Summary
- Burry is long puts against 800,100 shares of Tesla worth US$534 million.
- The value, strike price, or expiry of the put contract is unknown.
- Tesla shares fell 2.19% in NASDAQ overnight.
Micheal Burry, the investor famous for foreseeing the subprime mortgage crisis and profiting from it, has a short position worth US$534 million against the electric vehicle maker Tesla Inc (NASDAQ:TSLA), a regulatory filing has revealed.
According to the form 13-F of Scion Asset Management, the company is long puts against 800,100 shares of billionaire Elon Musk-headed company – that translates to US$534 million by the end of the first quarter ended March 2021.
As the owner of a put option can sell 100 shares per contract held, Burry owns 8,001 put contracts. The value, strike price, or expiry of the put contract is, however, unknown.
An agreement that gives seller an option to sell the shares at a pre-determined price, is more valuable when the price of the asset decreases – which, in a way conveys a bearish position on a particular stock by that investor.

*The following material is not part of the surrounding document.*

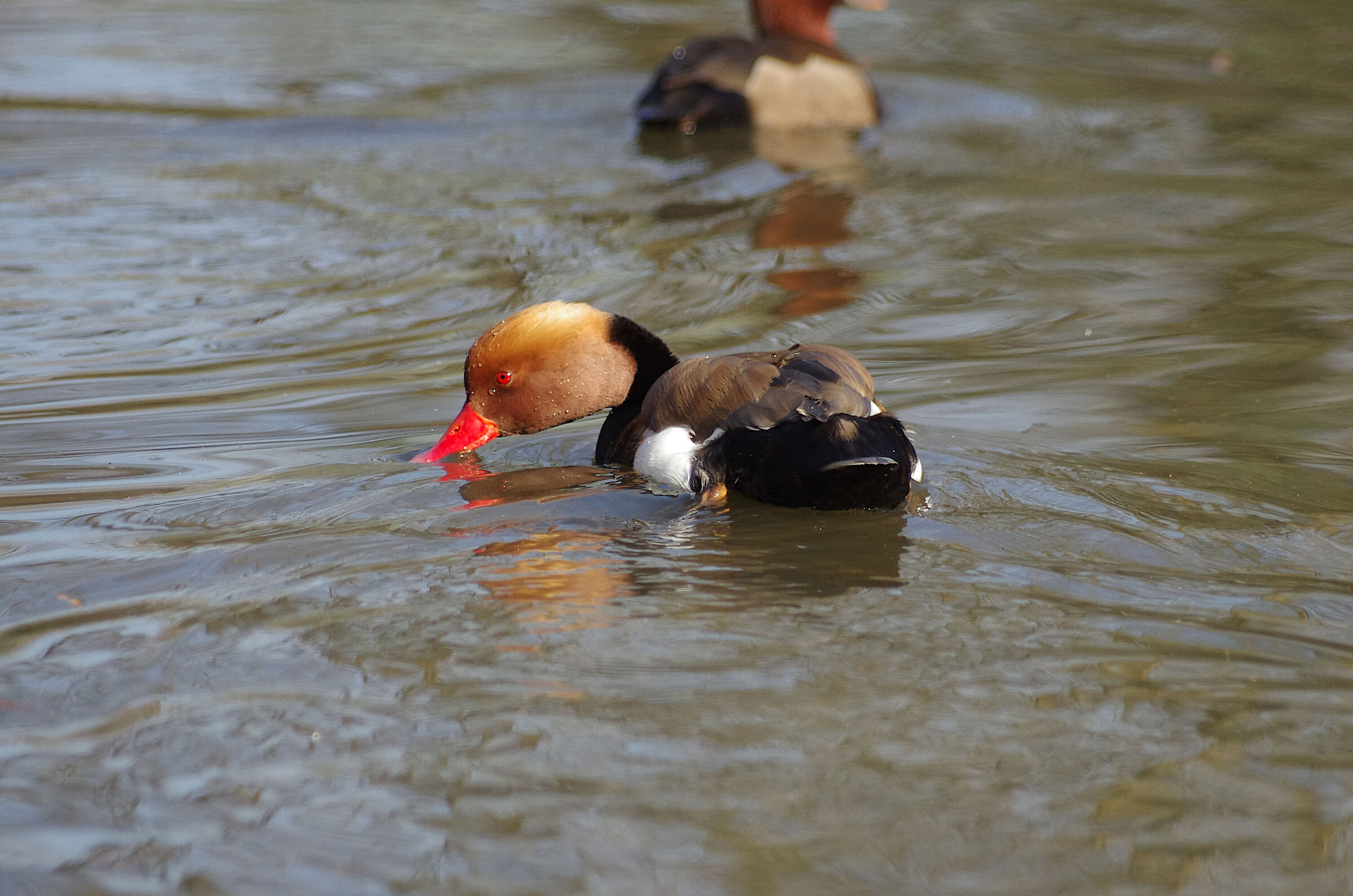 Red-crested pochard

Mr Burry, the CEO of Scion Asset Management, shot to fame after he bet against mortgage securities before the 2008 crisis – which is chronicled in the book named ‘The Big Short’ and an Oscar-winning movie of the same name.
Earlier in February, Mr Burry had tweeted that according to him, Tesla may have timed its US$1.5 billion purchase of Bitcoin to distract from its China woes – where regulators had summoned the company over quality concerns. Interestingly, his Twitter profile doesn’t exist anymore, after months of public tweets warning investors about market bubble. The move had come just weeks after he told his followers that his tweets about market trends had summon from the US Securities and Exchange Commission.
Also Read: Has Tesla dumped Bitcoin holdings? Elon Musk drops a hint
Tesla, which has seen turbulent times in 2021, has seen its share slump 34% in past four months from its life-high – taking it officially into the bear zone. Overnight as well, the company’s shares tanked 2.19% in New York.
After today’s fall in the share prices, Mr Musk, once world’s richest for a brief time, has ceded the second richest slot to French tycoon Bernard Arnault. In the overnight trade of shares, Mr Musk lost US$3.16 billion of his wealth, according to Bloomberg Billionaires Index.